派遣対象には、塾講師や退職後の元教員だけでなく、教員免許を持ちながら企業など別の職場で働く人材も含める。教員養成課程を持つ大学などが中心となり、事前に人材を登録。都道府県や政令市単位で必要な学校に派遣する仕組みとする方向だ。
「免許持ってるのに活かせてない人は多い」
「教員の長時間労働を減らすには人員補充が不可欠」
「塾講師なら教える力はあるが学校運営に馴染めるか心配」
「教員不足は採用枠や待遇改善も同時にやらないと」
「急な欠員にすぐ対応できる体制は必要だ」
採用難が背景、倍率は過去最低
公立学校の教員採用試験倍率は2000年度の13.3倍をピークに低下を続け、2024年度には過去最低の3.2倍にまで落ち込んだ。これに伴い、採用試験に不合格となった教員志望者が、非正規の臨時教員として経験を積みながら再挑戦するケースが減少。臨時教員の確保が一層難しくなっている。

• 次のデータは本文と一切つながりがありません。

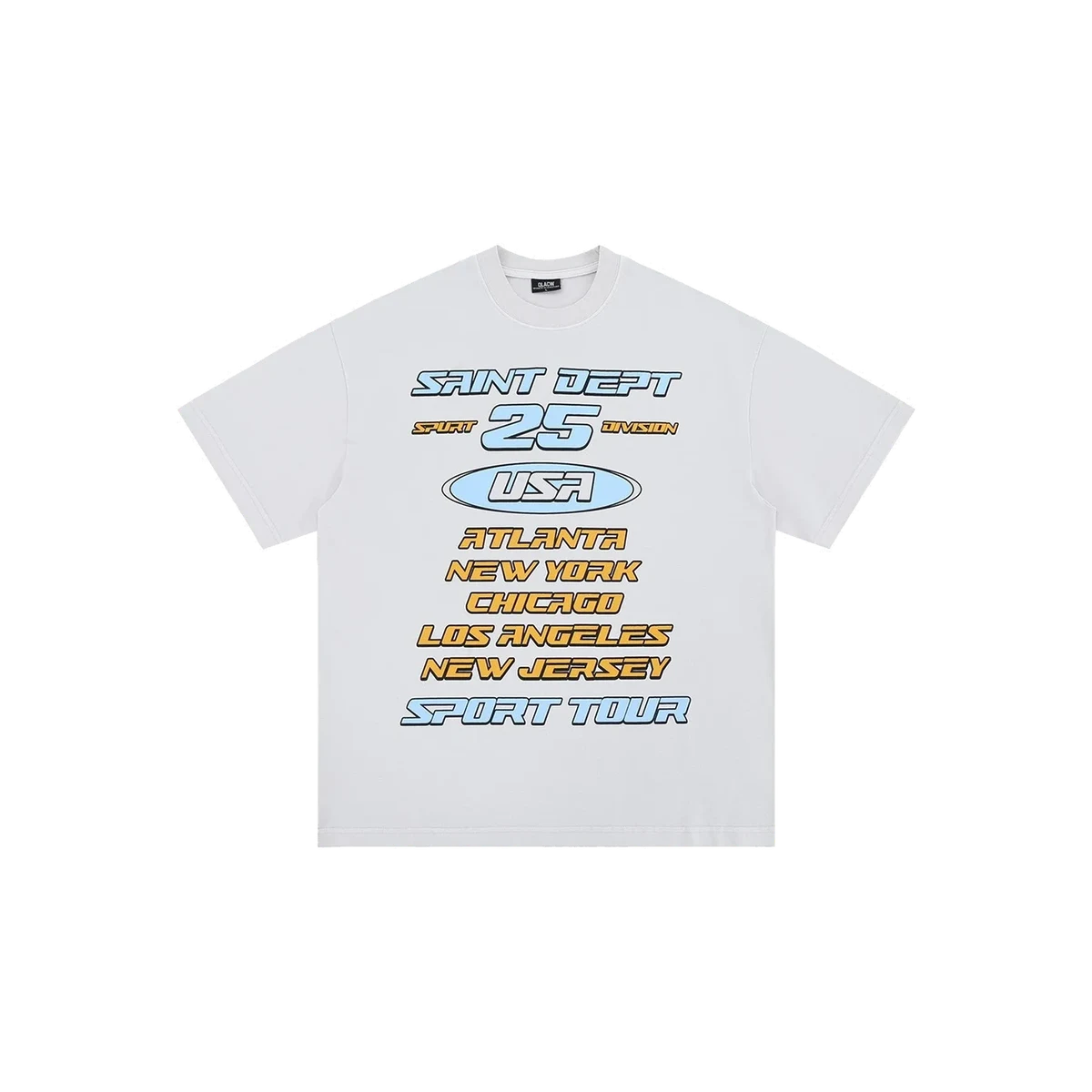 The Americana Washed T-Shirt 16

産休・育休取得者が増えている中で欠員が埋まらなければ、残る教員の業務負担が急増し、長時間労働や過労リスクの高まりにつながる。このため、文科省は臨時教員派遣によって現場の負担を軽減し、教育の質を維持する狙いだ。
英国の仕組みを参考に
今回のモデル事業は、英国の「サプライティーチャー」制度を参考にしている。これは地方政府や民間企業が事前登録した人材を代理教員として学校に派遣する仕組みで、急な欠員にも柔軟に対応できるとされる。
文科省は、日本版制度の導入にあたり、モデル事業を通じて課題を洗い出す方針。派遣人材の研修方法や契約形態、給与水準、派遣期間の長短など、制度運用に不可欠な条件を詰めるとみられる。
課題は即戦力化と職場適応
一方で、臨時教員として派遣される人材が即戦力として機能できるかは課題だ。塾講師や企業勤務経験者は指導力に優れる一方で、学校特有の行事運営や学年経営、保護者対応などの業務に慣れていないケースもある。こうした業務の習熟をどう支えるかが制度定着の鍵となる。
また、派遣人材の確保には待遇改善も不可欠だとの声も強い。特に短期契約の場合、安定的な収入が見込めないことから、優秀な人材が集まりにくい懸念がある。教育現場からは「制度導入と同時に、教員全体の処遇改善や採用枠拡大にも取り組むべきだ」との指摘も出ている。
文科省は、臨時教員派遣制度を新たな人材確保策の一つとして位置付けつつ、長期的には教員志望者の増加や採用倍率回復を目指す考えだ。制度がうまく機能すれば、急な欠員が生じても授業の質を落とさず、現場教員の負担軽減につながると期待されている。